_Assignment_. What is needed here is a word-for-word copy of all the entries below.

------------------------

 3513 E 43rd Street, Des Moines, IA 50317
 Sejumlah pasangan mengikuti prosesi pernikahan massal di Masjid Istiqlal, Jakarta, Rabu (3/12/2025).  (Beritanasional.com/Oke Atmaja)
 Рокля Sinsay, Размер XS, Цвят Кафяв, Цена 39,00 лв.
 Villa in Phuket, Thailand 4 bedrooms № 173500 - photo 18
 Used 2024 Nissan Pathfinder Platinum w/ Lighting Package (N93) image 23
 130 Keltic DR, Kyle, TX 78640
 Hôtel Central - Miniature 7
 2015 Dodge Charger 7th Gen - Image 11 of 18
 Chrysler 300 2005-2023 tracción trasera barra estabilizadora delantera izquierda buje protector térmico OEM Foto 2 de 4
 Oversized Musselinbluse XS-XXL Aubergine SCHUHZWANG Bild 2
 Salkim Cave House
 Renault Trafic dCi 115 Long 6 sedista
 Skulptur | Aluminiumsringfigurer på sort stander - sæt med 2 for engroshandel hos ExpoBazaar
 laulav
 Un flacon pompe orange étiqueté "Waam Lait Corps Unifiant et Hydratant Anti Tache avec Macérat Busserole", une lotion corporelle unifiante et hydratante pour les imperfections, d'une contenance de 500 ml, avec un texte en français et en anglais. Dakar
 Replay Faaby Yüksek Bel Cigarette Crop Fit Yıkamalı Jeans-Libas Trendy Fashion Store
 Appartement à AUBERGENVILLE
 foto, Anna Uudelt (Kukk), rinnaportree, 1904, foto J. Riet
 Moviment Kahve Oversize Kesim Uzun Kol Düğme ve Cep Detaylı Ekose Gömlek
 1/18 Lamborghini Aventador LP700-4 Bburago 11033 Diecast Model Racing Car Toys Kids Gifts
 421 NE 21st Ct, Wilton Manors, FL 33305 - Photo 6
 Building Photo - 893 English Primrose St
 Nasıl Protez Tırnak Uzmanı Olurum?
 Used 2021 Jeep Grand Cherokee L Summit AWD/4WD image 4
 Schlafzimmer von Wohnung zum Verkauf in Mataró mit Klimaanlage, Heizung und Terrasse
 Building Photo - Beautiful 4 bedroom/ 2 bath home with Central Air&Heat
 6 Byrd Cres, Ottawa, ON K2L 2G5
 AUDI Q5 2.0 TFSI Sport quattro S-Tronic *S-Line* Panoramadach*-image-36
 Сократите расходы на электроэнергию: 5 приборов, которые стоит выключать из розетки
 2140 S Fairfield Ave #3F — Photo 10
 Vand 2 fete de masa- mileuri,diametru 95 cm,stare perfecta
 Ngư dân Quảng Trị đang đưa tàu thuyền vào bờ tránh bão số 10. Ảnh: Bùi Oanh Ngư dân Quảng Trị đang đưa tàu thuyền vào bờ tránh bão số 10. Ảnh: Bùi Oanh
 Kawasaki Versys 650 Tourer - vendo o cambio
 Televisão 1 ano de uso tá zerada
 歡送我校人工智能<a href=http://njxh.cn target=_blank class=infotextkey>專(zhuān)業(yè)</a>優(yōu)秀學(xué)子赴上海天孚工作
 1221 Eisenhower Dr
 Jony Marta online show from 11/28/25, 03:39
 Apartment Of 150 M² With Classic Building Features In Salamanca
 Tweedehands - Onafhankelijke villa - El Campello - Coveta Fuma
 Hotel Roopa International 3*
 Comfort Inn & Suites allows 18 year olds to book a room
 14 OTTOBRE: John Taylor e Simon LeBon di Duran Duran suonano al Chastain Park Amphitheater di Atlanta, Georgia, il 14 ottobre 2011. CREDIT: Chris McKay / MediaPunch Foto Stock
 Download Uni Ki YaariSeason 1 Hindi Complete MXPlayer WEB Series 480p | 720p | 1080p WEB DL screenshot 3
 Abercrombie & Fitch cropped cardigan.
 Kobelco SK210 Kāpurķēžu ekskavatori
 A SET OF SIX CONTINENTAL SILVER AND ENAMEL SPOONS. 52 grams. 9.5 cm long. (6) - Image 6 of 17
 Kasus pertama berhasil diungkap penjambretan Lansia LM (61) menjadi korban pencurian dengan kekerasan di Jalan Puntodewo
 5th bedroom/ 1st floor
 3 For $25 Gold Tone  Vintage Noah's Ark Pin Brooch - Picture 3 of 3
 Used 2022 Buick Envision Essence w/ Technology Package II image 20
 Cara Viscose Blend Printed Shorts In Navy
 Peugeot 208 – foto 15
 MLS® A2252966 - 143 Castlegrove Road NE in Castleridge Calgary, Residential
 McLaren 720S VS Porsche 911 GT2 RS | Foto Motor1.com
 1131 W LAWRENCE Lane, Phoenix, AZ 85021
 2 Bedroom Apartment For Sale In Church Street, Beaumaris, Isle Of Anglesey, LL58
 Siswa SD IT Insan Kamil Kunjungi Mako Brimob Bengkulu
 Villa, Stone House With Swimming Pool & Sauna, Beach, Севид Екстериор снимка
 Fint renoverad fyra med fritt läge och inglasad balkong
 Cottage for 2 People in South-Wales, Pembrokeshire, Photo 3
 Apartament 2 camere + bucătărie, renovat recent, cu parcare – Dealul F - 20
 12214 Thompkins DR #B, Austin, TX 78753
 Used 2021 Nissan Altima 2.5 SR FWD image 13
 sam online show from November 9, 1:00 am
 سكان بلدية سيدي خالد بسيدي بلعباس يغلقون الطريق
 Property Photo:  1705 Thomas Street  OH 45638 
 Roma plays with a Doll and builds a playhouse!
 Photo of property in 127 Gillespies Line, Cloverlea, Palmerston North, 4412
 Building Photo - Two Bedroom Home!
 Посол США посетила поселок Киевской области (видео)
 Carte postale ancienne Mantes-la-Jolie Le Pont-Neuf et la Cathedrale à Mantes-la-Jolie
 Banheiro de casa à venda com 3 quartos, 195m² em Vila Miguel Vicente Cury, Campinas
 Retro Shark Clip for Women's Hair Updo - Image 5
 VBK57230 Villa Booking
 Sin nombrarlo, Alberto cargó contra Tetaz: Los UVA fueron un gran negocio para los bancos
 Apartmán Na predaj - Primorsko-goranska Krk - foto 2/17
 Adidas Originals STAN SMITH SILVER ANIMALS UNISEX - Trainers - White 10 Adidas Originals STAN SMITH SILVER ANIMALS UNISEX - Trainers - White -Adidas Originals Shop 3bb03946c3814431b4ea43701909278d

------------------------

_Answer section_.
 3513 E 43rd Street, Des Moines, IA 50317
 Sejumlah pasangan mengikuti prosesi pernikahan massal di Masjid Istiqlal, Jakarta, Rabu (3/12/2025).  (Beritanasional.com/Oke Atmaja)
 Рокля Sinsay, Размер XS, Цвят Кафяв, Цена 39,00 лв.
 Villa in Phuket, Thailand 4 bedrooms № 173500 - photo 18
 Used 2024 Nissan Pathfinder Platinum w/ Lighting Package (N93) image 23
 130 Keltic DR, Kyle, TX 78640
 Hôtel Central - Miniature 7
 2015 Dodge Charger 7th Gen - Image 11 of 18
 Chrysler 300 2005-2023 tracción trasera barra estabilizadora delantera izquierda buje protector térmico OEM Foto 2 de 4
 Oversized Musselinbluse XS-XXL Aubergine SCHUHZWANG Bild 2
 Salkim Cave House
 Renault Trafic dCi 115 Long 6 sedista
 Skulptur | Aluminiumsringfigurer på sort stander - sæt med 2 for engroshandel hos ExpoBazaar
 laulav
 Un flacon pompe orange étiqueté "Waam Lait Corps Unifiant et Hydratant Anti Tache avec Macérat Busserole", une lotion corporelle unifiante et hydratante pour les imperfections, d'une contenance de 500 ml, avec un texte en français et en anglais. Dakar
 Replay Faaby Yüksek Bel Cigarette Crop Fit Yıkamalı Jeans-Libas Trendy Fashion Store
 Appartement à AUBERGENVILLE
 foto, Anna Uudelt (Kukk), rinnaportree, 1904, foto J. Riet
 Moviment Kahve Oversize Kesim Uzun Kol Düğme ve Cep Detaylı Ekose Gömlek
 1/18 Lamborghini Aventador LP700-4 Bburago 11033 Diecast Model Racing Car Toys Kids Gifts
 421 NE 21st Ct, Wilton Manors, FL 33305 - Photo 6
 Building Photo - 893 English Primrose St
 Nasıl Protez Tırnak Uzmanı Olurum?
 Used 2021 Jeep Grand Cherokee L Summit AWD/4WD image 4
 Schlafzimmer von Wohnung zum Verkauf in Mataró mit Klimaanlage, Heizung und Terrasse
 Building Photo - Beautiful 4 bedroom/ 2 bath home with Central Air&Heat
 6 Byrd Cres, Ottawa, ON K2L 2G5
 AUDI Q5 2.0 TFSI Sport quattro S-Tronic *S-Line* Panoramadach*-image-36
 Сократите расходы на электроэнергию: 5 приборов, которые стоит выключать из розетки
 2140 S Fairfield Ave #3F — Photo 10
 Vand 2 fete de masa- mileuri,diametru 95 cm,stare perfecta
 Ngư dân Quảng Trị đang đưa tàu thuyền vào bờ tránh bão số 10. Ảnh: Bùi Oanh Ngư dân Quảng Trị đang đưa tàu thuyền vào bờ tránh bão số 10. Ảnh: Bùi Oanh
 Kawasaki Versys 650 Tourer - vendo o cambio
 Televisão 1 ano de uso tá zerada
 歡送我校人工智能<a href=http://njxh.cn target=_blank class=infotextkey>專(zhuān)業(yè)</a>優(yōu)秀學(xué)子赴上海天孚工作
 1221 Eisenhower Dr
 Jony Marta online show from 11/28/25, 03:39
 Apartment Of 150 M² With Classic Building Features In Salamanca
 Tweedehands - Onafhankelijke villa - El Campello - Coveta Fuma
 Hotel Roopa International 3*
 Comfort Inn & Suites allows 18 year olds to book a room
 14 OTTOBRE: John Taylor e Simon LeBon di Duran Duran suonano al Chastain Park Amphitheater di Atlanta, Georgia, il 14 ottobre 2011. CREDIT: Chris McKay / MediaPunch Foto Stock
 Download Uni Ki YaariSeason 1 Hindi Complete MXPlayer WEB Series 480p | 720p | 1080p WEB DL screenshot 3
 Abercrombie & Fitch cropped cardigan.
 Kobelco SK210 Kāpurķēžu ekskavatori
 A SET OF SIX CONTINENTAL SILVER AND ENAMEL SPOONS. 52 grams. 9.5 cm long. (6) - Image 6 of 17
 Kasus pertama berhasil diungkap penjambretan Lansia LM (61) menjadi korban pencurian dengan kekerasan di Jalan Puntodewo
 5th bedroom/ 1st floor
 3 For $25 Gold Tone  Vintage Noah's Ark Pin Brooch - Picture 3 of 3
 Used 2022 Buick Envision Essence w/ Technology Package II image 20
 Cara Viscose Blend Printed Shorts In Navy
 Peugeot 208 – foto 15
 MLS® A2252966 - 143 Castlegrove Road NE in Castleridge Calgary, Residential
 McLaren 720S VS Porsche 911 GT2 RS | Foto Motor1.com
 1131 W LAWRENCE Lane, Phoenix, AZ 85021
 2 Bedroom Apartment For Sale In Church Street, Beaumaris, Isle Of Anglesey, LL58
 Siswa SD IT Insan Kamil Kunjungi Mako Brimob Bengkulu
 Villa, Stone House With Swimming Pool & Sauna, Beach, Севид Екстериор снимка
 Fint renoverad fyra med fritt läge och inglasad balkong
 Cottage for 2 People in South-Wales, Pembrokeshire, Photo 3
 Apartament 2 camere + bucătărie, renovat recent, cu parcare – Dealul F - 20
 12214 Thompkins DR #B, Austin, TX 78753
 Used 2021 Nissan Altima 2.5 SR FWD image 13
 sam online show from November 9, 1:00 am
 سكان بلدية سيدي خالد بسيدي بلعباس يغلقون الطريق
 Property Photo:  1705 Thomas Street  OH 45638 
 Roma plays with a Doll and builds a playhouse!
 Photo of property in 127 Gillespies Line, Cloverlea, Palmerston North, 4412
 Building Photo - Two Bedroom Home!
 Посол США посетила поселок Киевской области (видео)
 Carte postale ancienne Mantes-la-Jolie Le Pont-Neuf et la Cathedrale à Mantes-la-Jolie
 Banheiro de casa à venda com 3 quartos, 195m² em Vila Miguel Vicente Cury, Campinas
 Retro Shark Clip for Women's Hair Updo - Image 5
 VBK57230 Villa Booking
 Sin nombrarlo, Alberto cargó contra Tetaz: Los UVA fueron un gran negocio para los bancos
 Apartmán Na predaj - Primorsko-goranska Krk - foto 2/17
 Adidas Originals STAN SMITH SILVER ANIMALS UNISEX - Trainers - White 10 Adidas Originals STAN SMITH SILVER ANIMALS UNISEX - Trainers - White -Adidas Originals Shop 3bb03946c3814431b4ea43701909278d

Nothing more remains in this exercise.